Compared to sorghum, chickpeas can convert additional phosphorus and potassium more efficiently from applied fertilisers into grain yield – a key difference that deep-banding nutrient research has illustrated.
For more than a decade, with growers, agronomists and Queensland Department of Agriculture and Fisheries researchers, the University of Queensland’s Professor Mike Bell has been assessing deep banding in GRDC-supported projects.
With both phosphorus and potassium immobile in the northern region’s clay soils, deep banding offers a way to ‘drought-proof’ soil nutrient supply. When crops dig deep for moisture, they will also have access to nutrients.
In Central Queensland, at sites with very low background phosphorus and potassium in both the topsoil and subsoil layers, chickpeas and sorghum have reacted differently in three main ways.
First is chickpeas’ conversion difference. Professor Bell says this might be related to nutrient uptake timing relative to the yield-determining processes. Chickpeas are slower to develop an extensive root system and proliferate roots in phosphorus bands, but when they do it is closer to the onset of flowering and pod addition.
Conversely, sorghum quickly develops a root system that can rapidly exploit phosphorus or potassium sources. But this early nutrient access occurs long before grain yield determination and might not contribute as directly to yield development.

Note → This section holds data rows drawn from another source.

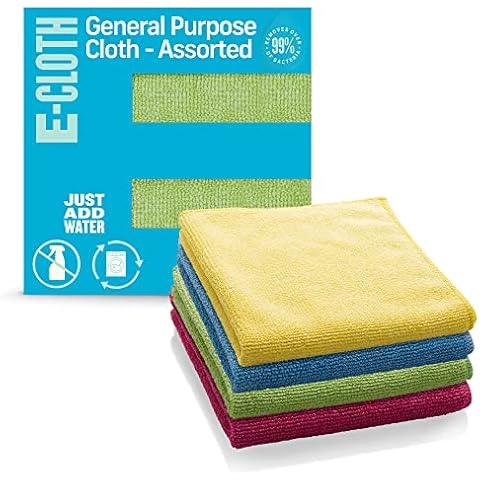 E-Cloth Microfiber Cloth 4-Pack, World's Leading Premium Microfiber Cleaning Cloth, Twice as Durable as Competition, 1 Year Guarantee, Ideal for Kitchen, Countertops, Sinks, and Bathrooms, Assorted Cover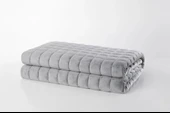 Sinada %100 Pamuk Saten Kumaş Elyaf Dolgulu Ağırlıklı Battaniye Tek kişilik (Dört Mevsim) 155X215 CM 4 KG GRİ - 1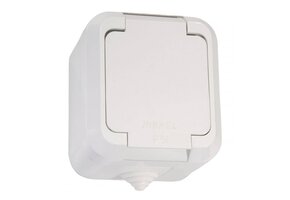 Aufputzsteckdose IP44 weiß 250V/16A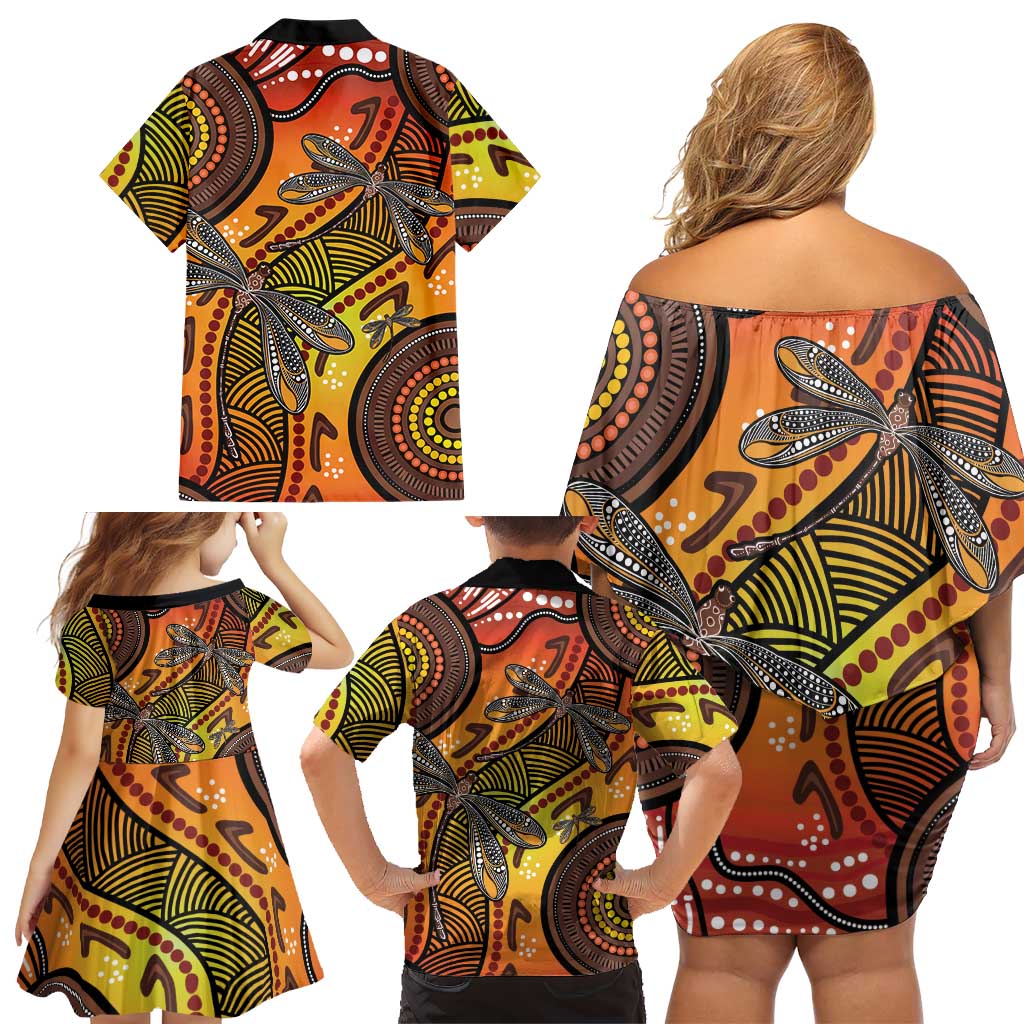 Australian Dragonfly Indigenous Art Family Matching Off Shoulder Short Dress and Hawaiian Shirt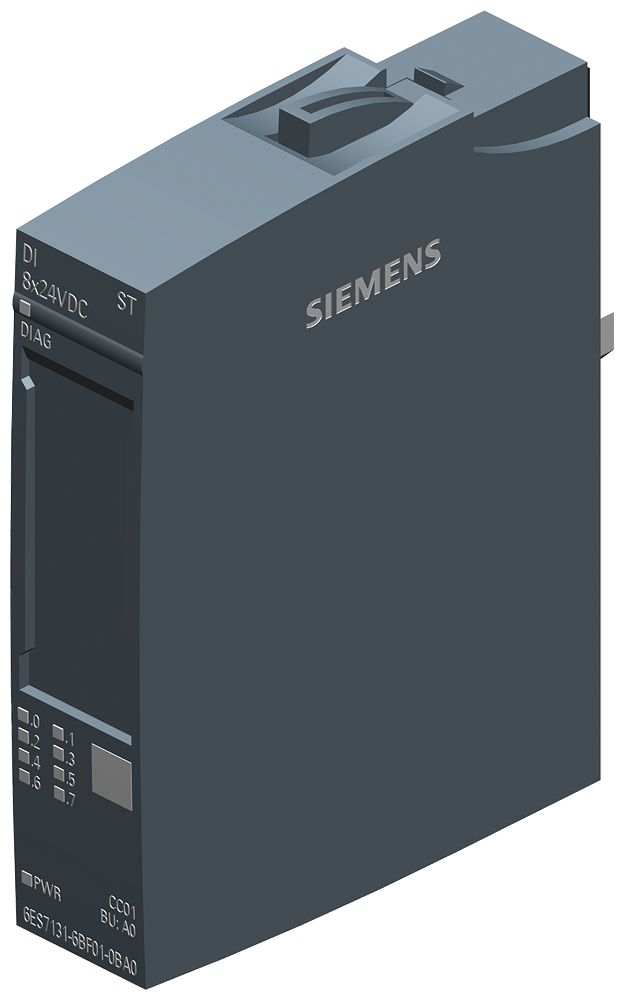 Siemens SIMATIC ET 200SP, Digital input module, DI 8X 24V DC Basic, type 2 (IEC 61131), sink input, (PNP, P-reading) (6ES7131-6BF01-2AA0)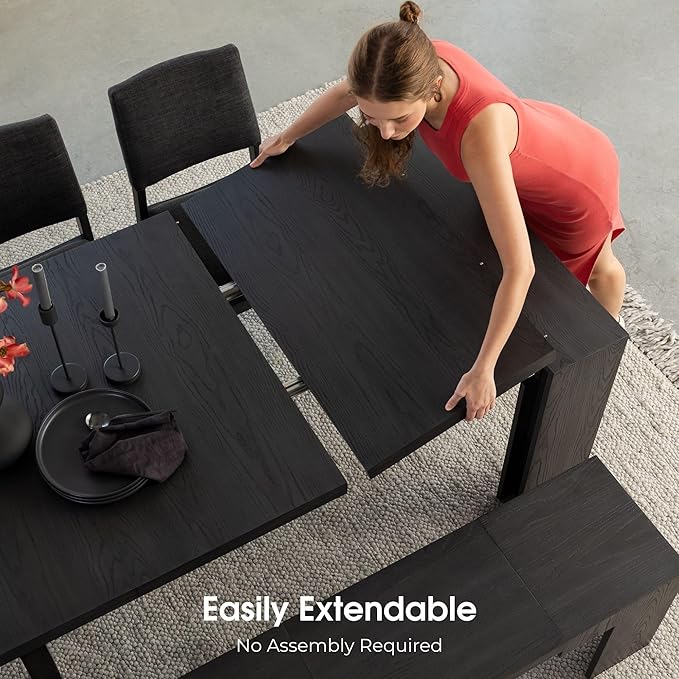 Transformer Table - Solid Wood Extendable Dining Table, Seats 2-12, Expandable Dining Room Table, Space-Saving Furniture, Kitchen and Dining Room Furniture (Black, Table + Coffee Table)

For example, additional tillers that typically form in response to improved crop phosphorus status might not have sufficient moisture, or nutrition, to deliver higher grain yields later in the season.
Professor Bell says the second point to notice is that ‘poor’ sorghum crops can acquire more phosphorus and potassium from soils with a similar low-nutrient status compared to chickpeas. This is consistent with more-frequent in-season rainfall events in summer, which either enhance root access to stratified topsoil layers or allow deep bands to ‘re-wet,’ providing prolonged root access.
The third point is that there was no evidence of phosphorus or potassium luxury uptake from deep-banded fertilisers of either kind – additional uptake meant additional yield.
This suggests that for every additional kilogram of phosphorus or potassium acquired in these soils, a relatively predictable grain yield increase will occur. The higher the seasonal yield potential, the greater the crop nutrient requirement.
“While handy for discussions with the bank manager, this finding does highlight that a single application of deep bands of phosphorus and potassium will not be enough to overcome the yield constraints that have developed from prolonged nutrient run-down,” Professor Bell says.
“This is consistent with other glasshouse and lysimeter studies and supports the hypothesis that a multi-pronged approach to restoring soil fertility is required.”
While deep bands can produce significant and economic yield responses, they need to be combined with fertiliser strategies that also ensure adequate phosphorus and potassium is maintained in the topsoil layers, so crops can utilise multiple soil layers when seasonal conditions permit.